Assigned task: Leaving the pictures aside, reproduce the data in full and word for word.

Available data:

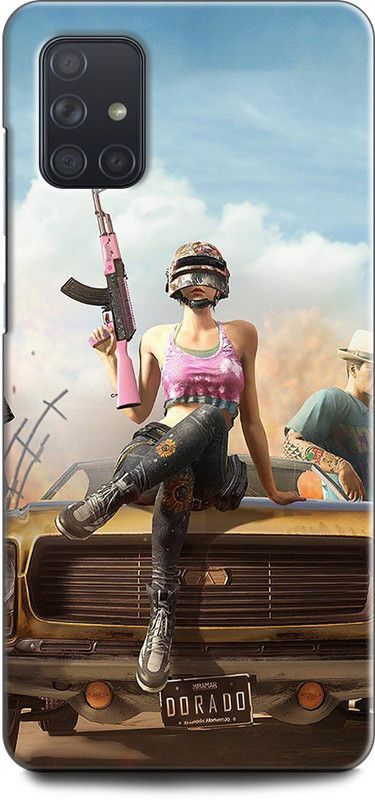 Afterglow Back Cover for SAMSUNG Galaxy A71 PUBG, KAR98, PUBG LOVER, PUBG GAME, PUBG LOVE, CHICKEN DINNER  (Multicolor, Shock Proof)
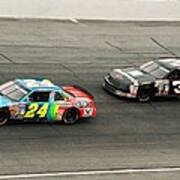 Jeff Gordon And Dale Earnhardt Poster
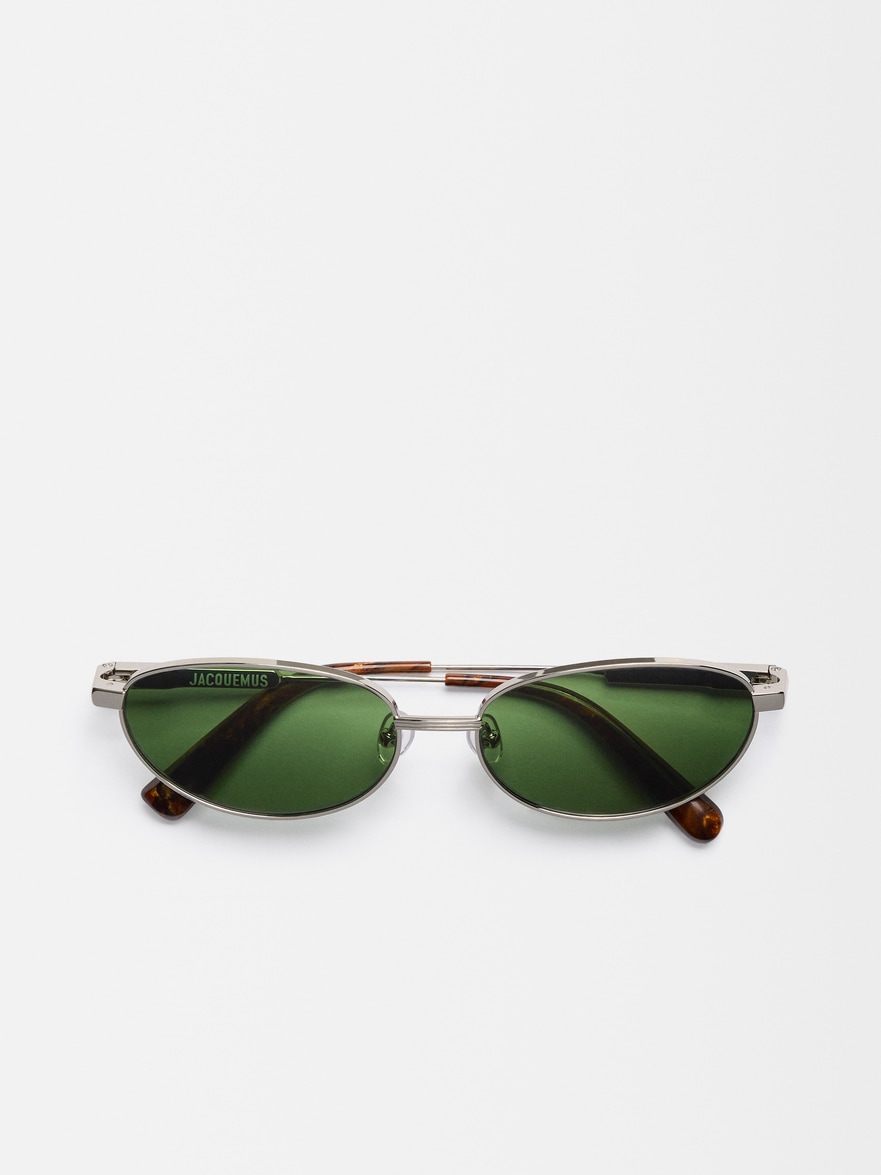 Jacquemus Les Lunettes Alba In Green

Exercise output:
 Afterglow Back Cover for SAMSUNG Galaxy A71 PUBG, KAR98, PUBG LOVER, PUBG GAME, PUBG LOVE, CHICKEN DINNER  (Multicolor, Shock Proof)
 Jeff Gordon And Dale Earnhardt Poster
 Jacquemus Les Lunettes Alba In Green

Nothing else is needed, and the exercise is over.